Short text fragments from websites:
_ _ _ _
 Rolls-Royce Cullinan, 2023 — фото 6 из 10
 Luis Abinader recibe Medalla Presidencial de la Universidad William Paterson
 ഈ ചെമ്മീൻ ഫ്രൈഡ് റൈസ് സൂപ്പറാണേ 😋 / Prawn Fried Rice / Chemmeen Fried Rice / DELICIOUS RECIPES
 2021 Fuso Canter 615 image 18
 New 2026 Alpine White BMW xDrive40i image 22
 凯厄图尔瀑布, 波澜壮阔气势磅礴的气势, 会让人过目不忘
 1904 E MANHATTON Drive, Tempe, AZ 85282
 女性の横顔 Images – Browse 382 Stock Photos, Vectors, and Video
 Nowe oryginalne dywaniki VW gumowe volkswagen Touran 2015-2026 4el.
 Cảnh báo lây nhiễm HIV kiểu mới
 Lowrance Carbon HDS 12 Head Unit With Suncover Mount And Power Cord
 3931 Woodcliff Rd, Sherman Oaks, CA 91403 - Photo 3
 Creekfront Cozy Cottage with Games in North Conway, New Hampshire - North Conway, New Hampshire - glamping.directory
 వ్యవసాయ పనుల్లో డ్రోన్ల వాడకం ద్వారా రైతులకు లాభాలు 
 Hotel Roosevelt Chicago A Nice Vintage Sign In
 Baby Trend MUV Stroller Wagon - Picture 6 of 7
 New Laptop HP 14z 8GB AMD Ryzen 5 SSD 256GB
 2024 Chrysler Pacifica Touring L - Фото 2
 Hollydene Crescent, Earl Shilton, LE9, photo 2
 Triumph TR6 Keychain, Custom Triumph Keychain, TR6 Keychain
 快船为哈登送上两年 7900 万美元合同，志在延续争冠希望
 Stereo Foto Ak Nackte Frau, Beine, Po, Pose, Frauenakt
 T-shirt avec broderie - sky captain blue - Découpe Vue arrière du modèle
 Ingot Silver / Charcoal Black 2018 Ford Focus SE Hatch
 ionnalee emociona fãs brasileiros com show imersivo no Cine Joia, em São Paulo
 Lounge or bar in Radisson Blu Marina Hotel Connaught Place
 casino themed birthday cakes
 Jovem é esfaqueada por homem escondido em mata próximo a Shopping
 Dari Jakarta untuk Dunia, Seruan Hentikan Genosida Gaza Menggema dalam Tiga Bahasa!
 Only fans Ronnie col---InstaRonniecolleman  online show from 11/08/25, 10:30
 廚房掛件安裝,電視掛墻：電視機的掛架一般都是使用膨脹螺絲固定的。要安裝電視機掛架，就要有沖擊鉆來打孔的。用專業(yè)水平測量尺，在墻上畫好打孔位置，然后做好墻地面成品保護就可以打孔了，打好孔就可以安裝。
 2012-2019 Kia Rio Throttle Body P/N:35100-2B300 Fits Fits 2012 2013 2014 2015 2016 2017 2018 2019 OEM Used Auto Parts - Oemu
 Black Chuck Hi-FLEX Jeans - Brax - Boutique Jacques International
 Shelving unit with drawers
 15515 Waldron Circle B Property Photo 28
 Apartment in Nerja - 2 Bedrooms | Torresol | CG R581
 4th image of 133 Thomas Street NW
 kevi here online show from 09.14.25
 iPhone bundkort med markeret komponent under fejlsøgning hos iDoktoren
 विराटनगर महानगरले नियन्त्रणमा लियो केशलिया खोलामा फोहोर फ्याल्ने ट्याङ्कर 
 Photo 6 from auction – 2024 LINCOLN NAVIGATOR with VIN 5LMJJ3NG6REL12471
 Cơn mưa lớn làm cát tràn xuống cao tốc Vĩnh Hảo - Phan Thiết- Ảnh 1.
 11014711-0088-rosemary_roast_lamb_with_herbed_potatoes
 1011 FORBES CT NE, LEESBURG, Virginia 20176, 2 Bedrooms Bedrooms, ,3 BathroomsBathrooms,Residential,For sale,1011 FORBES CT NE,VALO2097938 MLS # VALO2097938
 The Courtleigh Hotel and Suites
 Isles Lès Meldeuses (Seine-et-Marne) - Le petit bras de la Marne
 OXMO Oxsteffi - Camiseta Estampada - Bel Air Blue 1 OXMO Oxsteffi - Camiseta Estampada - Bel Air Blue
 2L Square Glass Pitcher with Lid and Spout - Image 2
_ _ _ _
Directions for this task »
In exact wording, restate the lines of the data above from the first through the one holding "15515 Waldron Circle B Property Photo 28", and stop after that line.

Exercise result »
 Rolls-Royce Cullinan, 2023 — фото 6 из 10
 Luis Abinader recibe Medalla Presidencial de la Universidad William Paterson
 ഈ ചെമ്മീൻ ഫ്രൈഡ് റൈസ് സൂപ്പറാണേ 😋 / Prawn Fried Rice / Chemmeen Fried Rice / DELICIOUS RECIPES
 2021 Fuso Canter 615 image 18
 New 2026 Alpine White BMW xDrive40i image 22
 凯厄图尔瀑布, 波澜壮阔气势磅礴的气势, 会让人过目不忘
 1904 E MANHATTON Drive, Tempe, AZ 85282
 女性の横顔 Images – Browse 382 Stock Photos, Vectors, and Video
 Nowe oryginalne dywaniki VW gumowe volkswagen Touran 2015-2026 4el.
 Cảnh báo lây nhiễm HIV kiểu mới
 Lowrance Carbon HDS 12 Head Unit With Suncover Mount And Power Cord
 3931 Woodcliff Rd, Sherman Oaks, CA 91403 - Photo 3
 Creekfront Cozy Cottage with Games in North Conway, New Hampshire - North Conway, New Hampshire - glamping.directory
 వ్యవసాయ పనుల్లో డ్రోన్ల వాడకం ద్వారా రైతులకు లాభాలు 
 Hotel Roosevelt Chicago A Nice Vintage Sign In
 Baby Trend MUV Stroller Wagon - Picture 6 of 7
 New Laptop HP 14z 8GB AMD Ryzen 5 SSD 256GB
 2024 Chrysler Pacifica Touring L - Фото 2
 Hollydene Crescent, Earl Shilton, LE9, photo 2
 Triumph TR6 Keychain, Custom Triumph Keychain, TR6 Keychain
 快船为哈登送上两年 7900 万美元合同，志在延续争冠希望
 Stereo Foto Ak Nackte Frau, Beine, Po, Pose, Frauenakt
 T-shirt avec broderie - sky captain blue - Découpe Vue arrière du modèle
 Ingot Silver / Charcoal Black 2018 Ford Focus SE Hatch
 ionnalee emociona fãs brasileiros com show imersivo no Cine Joia, em São Paulo
 Lounge or bar in Radisson Blu Marina Hotel Connaught Place
 casino themed birthday cakes
 Jovem é esfaqueada por homem escondido em mata próximo a Shopping
 Dari Jakarta untuk Dunia, Seruan Hentikan Genosida Gaza Menggema dalam Tiga Bahasa!
 Only fans Ronnie col---InstaRonniecolleman  online show from 11/08/25, 10:30
 廚房掛件安裝,電視掛墻：電視機的掛架一般都是使用膨脹螺絲固定的。要安裝電視機掛架，就要有沖擊鉆來打孔的。用專業(yè)水平測量尺，在墻上畫好打孔位置，然后做好墻地面成品保護就可以打孔了，打好孔就可以安裝。
 2012-2019 Kia Rio Throttle Body P/N:35100-2B300 Fits Fits 2012 2013 2014 2015 2016 2017 2018 2019 OEM Used Auto Parts - Oemu
 Black Chuck Hi-FLEX Jeans - Brax - Boutique Jacques International
 Shelving unit with drawers
 15515 Waldron Circle B Property Photo 28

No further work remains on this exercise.